The second “essence” of HP’s brand is company culture that nourished its employees without fattening them into complacency. Before there were any “best places to work” published lists, there was the “HP Way” as laid down mostly by Bill Hewlett and captured by authors such as Jerry Porras (“Built To Last”) and Michael S. Malone (“Bill and Dave.)
Here is a July 16, 1970 memo from Bill Hewlett to HP senior managers. It is published in “Bill and Dave” and captures HP’s commitment to culture:
SUBJECT: Evaluations and Terminations
An increasing number of cases are coming to my attention in which employees are being terminated with little or no warning that their performance has been unsatisfactory. In some cases, evaluations have been glowing up to the time that an individual has been released.
There is no excuse for this. It is not humane. It is not HP-like.

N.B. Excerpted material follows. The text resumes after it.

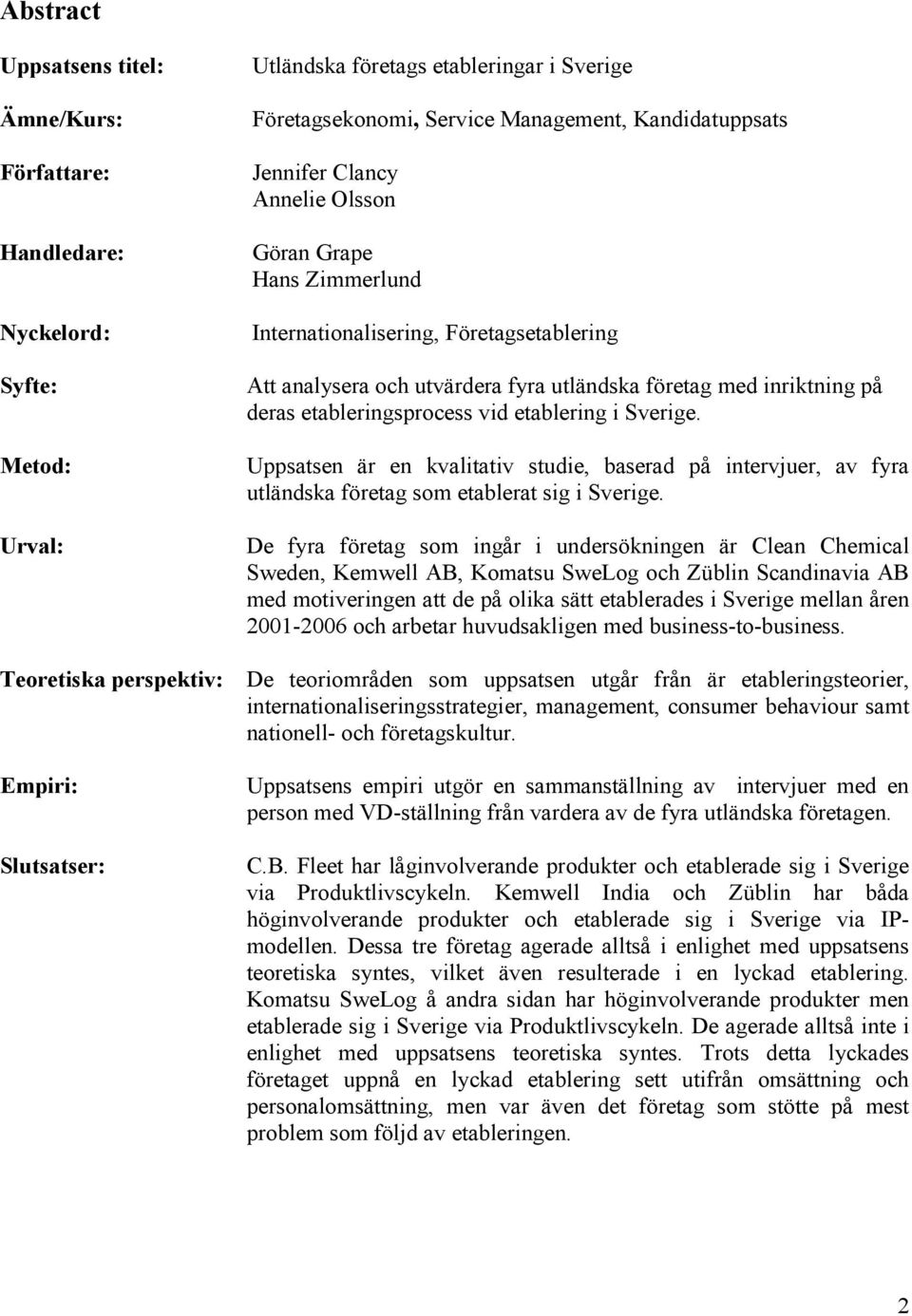 i Sverige. Uppsatsen är en kvalitativ studie, baserad på intervjuer, av fyra utländska företag som etablerat sig i Sverige.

Question: Can HP afford to be humane and HP-like as it turns itself around? I would turn the question around. It can’t afford not to. A remarkable feature of today’s tech-driven economy is the tight correlation between “best places to work” and performance. Google is a great place to work. SAS, the privately held analytics giant in North Carolina, is a great place to work and never lost a step in the recession.This is HP’s legacy. It can’t succeed being one of those high-pressure, high-success companies like Oracle because Larry Ellison is not Bill and Dave. He’s Larry Ellison, a hyper-competitive man in everything he does. Nor can HP be like Apple, the creation of a genius-tyrant. Apple, I predict, will struggle with its core values post-Steve. Hint: More than what CEO Tim Cook does, watch what designer Jony Ive does in the next months. Steve Jobs always had Ive’s back.

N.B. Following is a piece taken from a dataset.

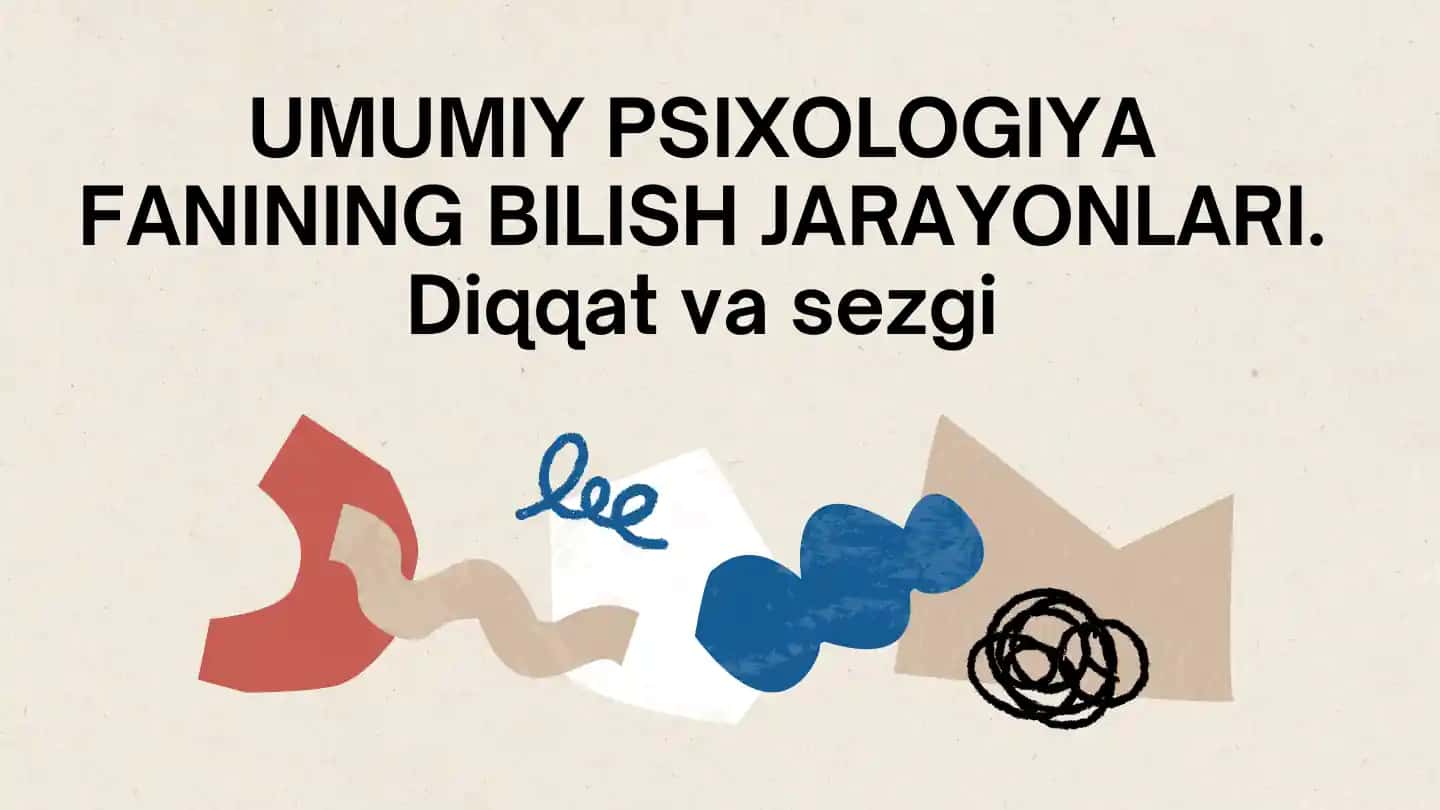 UMUMIY PSIXOLOGIYA FANINING BILISH JARAYONLARI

Meg Whitman will not be given the chance to re-create HP in her image. HP was created in Bill and Dave’s image and enjoyed its best years when it was true to itself. Whitman’s job will be to rediscover the Bill and Dave way and adapt it. I would suggest to her that she read “Built To Last” and “Bill and Dave” if she hasn’t already. I would further suggest a trip to visit Dr. Jim Goodnight at SAS. Goodnight shows what HP can look like in the 21st century.